The West African regional bloc ECOWAS has threatened to sanction Mali if moves towards resolving the political crisis there are hampered.
On Monday ECOWAS leaders after a summit proposed a four-point plan to resolve Mali’s political crisis to be implemented within 10 days.
Their plan recommended that 31 members of parliament whose elections were contested step down and that by-elections be held.
The leaders also called for the creation of a government of national unity that would include members of the opposition and civil society while an inquiry into the deaths of protesters this month take place.
“The Heads of State… express deep concerns on this situation likely to increase instability in Mali, and in the sub-region,” ECOWAS said in a statement after the meeting.
But the opposition is not impressed by the moves towards resolving the political crisis insisting, President Ibrahim Boubacar Keita resigns.
“We take note, but we really believe that this is not the will of the people, it is not what we expect,” said coalition spokesman Nouhoum Togo, who said it was in the process of reviewing the recommendations.

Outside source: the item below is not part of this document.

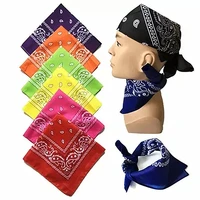 fashion women cotton bandana scarf square female bandanas 55cm55cm headwear rock girls head scarf headbands hair accessories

Meanwhile President Keïta has appointed a slimmed down cabinet to work towards a government of national unity.
According to a statement from his office the new cabinet would include the Prime Minister Boubou Cissé and six other ministers.

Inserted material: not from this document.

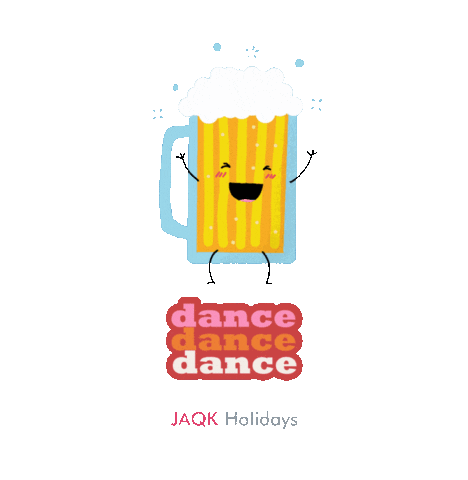 Dance Fun Sticker by LuxuryVillaNorthGoa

Earlier this month President Keita dissolved the constitutional court following unrest due to ongoing protests.
The top court is at the centre of controversy after it overturned provisional results for parliamentary elections in March.
Protesters have accused President Keita of failing to tackle Mali’s major crises including jihadist conflict, an economic crisis and the disputed elections.

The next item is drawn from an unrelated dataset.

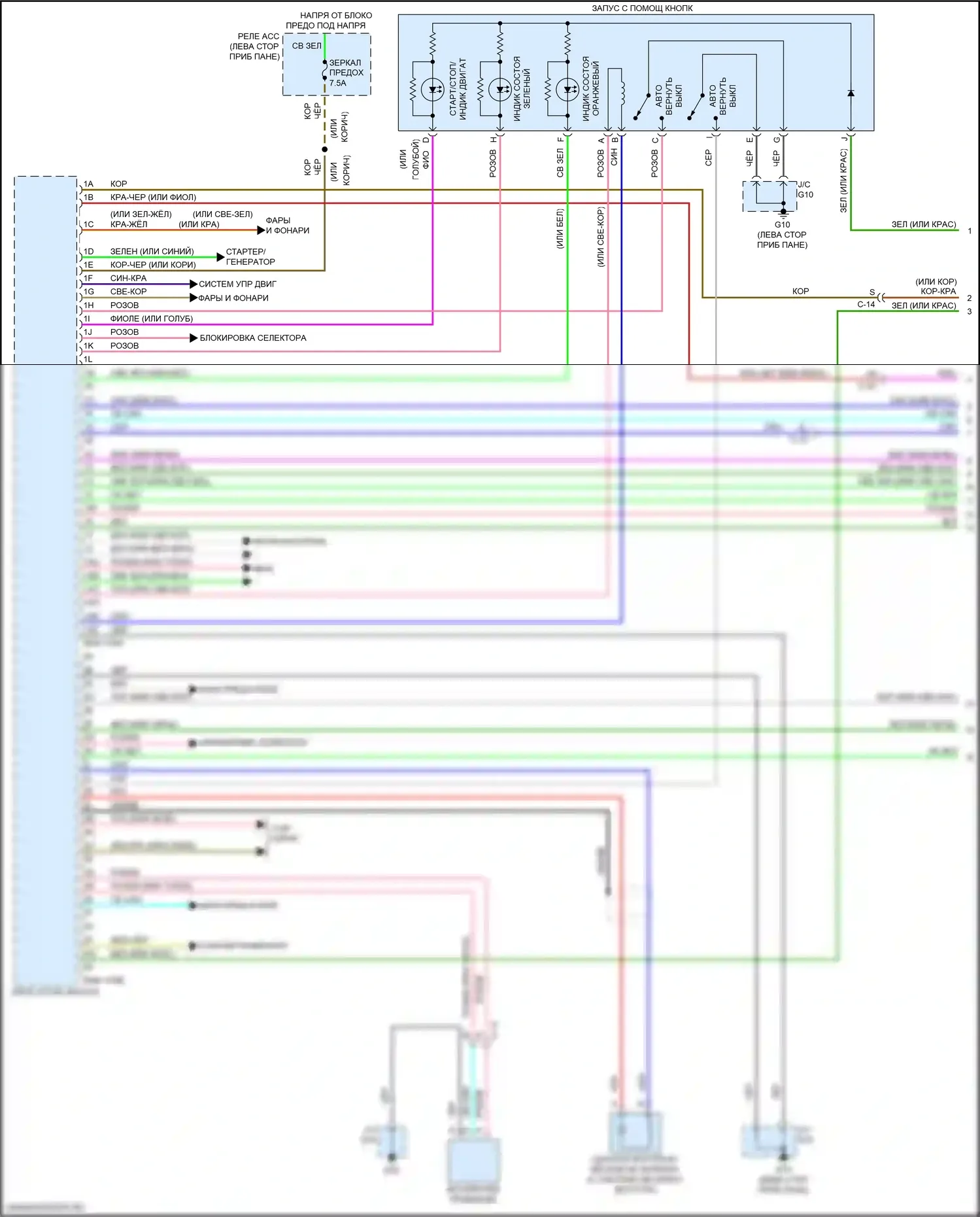 CX-9 Mazda II (2016-2021): Сигнализации электросхема (1 из 5)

Mali has for years now struggled to overcome the activities of terrorists with the region remaining unstable since 2012 when jihadist fighters seized the desert north of the country.
Although French troops helped to recapture the north, violence still continues. Not even the presence of United Nations troops will help restore order.
Keita, who was re-elected in 2018 for a second five-year term, has struggled to address the security crisis.